With a new stamp printed on wood paper, simulating the material with which the ships were built, Correos continues one more year making known the Discoverers of Oceania.

This year, the stamp is dedicated to Álvaro de Saavedra Cerón, navigator and discoverer.

There is not much biographical information about Saavedra Cerón, although it is known that he was a relative of Hernán Cortés, with whom he resided in Mexico when the conquest of Tenochtitlan ended.

His few records are documented in the order given by Charles V to Cortes to send the ships he had built on the Pacific coast through the South Sea to the Spices in order to find out what had happened to the nao Trinidad, under the command of Gomez de Espinosa, of the expedition of Magellan and Elcano, as well as to verify the existence of any other island and if it had spices or other riches.

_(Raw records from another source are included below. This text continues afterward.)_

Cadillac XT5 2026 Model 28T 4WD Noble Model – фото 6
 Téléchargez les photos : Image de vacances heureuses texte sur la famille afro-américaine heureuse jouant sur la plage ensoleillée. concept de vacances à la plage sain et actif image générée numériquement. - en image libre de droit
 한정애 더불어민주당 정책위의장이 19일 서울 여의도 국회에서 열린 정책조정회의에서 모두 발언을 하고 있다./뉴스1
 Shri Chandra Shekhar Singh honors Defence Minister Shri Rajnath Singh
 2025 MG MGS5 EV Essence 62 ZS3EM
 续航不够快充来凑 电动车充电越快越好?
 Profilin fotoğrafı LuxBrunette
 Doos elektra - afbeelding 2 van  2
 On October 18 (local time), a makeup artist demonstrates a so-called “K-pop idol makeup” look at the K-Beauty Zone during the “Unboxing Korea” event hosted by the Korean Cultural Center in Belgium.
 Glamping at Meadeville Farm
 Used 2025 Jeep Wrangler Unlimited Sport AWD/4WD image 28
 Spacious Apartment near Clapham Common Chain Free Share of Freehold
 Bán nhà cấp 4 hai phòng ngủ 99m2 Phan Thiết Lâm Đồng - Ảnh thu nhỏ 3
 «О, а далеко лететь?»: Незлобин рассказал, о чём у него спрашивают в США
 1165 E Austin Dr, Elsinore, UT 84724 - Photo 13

Saavedra Cerón began his expedition on October 31, 1527 from Zihuatanejo, Zacatula (in the current Mexican state of Guerrero), with one hundred and ten men in three ships: Florida, Santiago and Espíritu Santo.

After four months of navigation and the loss of two ships (Espiritu Santo and Santiago), the expedition members embarked on the Florida and arrived at the island of Mindanao in the Philippine archipelago, from where they set course for the Moluccas.

Also in Tidore, when they arrived, they discovered other Spaniards harassed by the Portuguese.

When they tried to return to New Spain with a cargo of spices, especially cloves, the meteorology of the Pacific Ocean, with the adverse winds and currents, forced them to return to safe harbor; although before they landed in the islands of Misory and Almirantazgo, they passed through the Carolinas and the Marianas and discovered the great island of New Guinea.

In May 1529 he tried again to attempt the return voyage, failing at the Hawaiian Islands (Table Islands for the Spaniards), dying there in the middle of the ocean.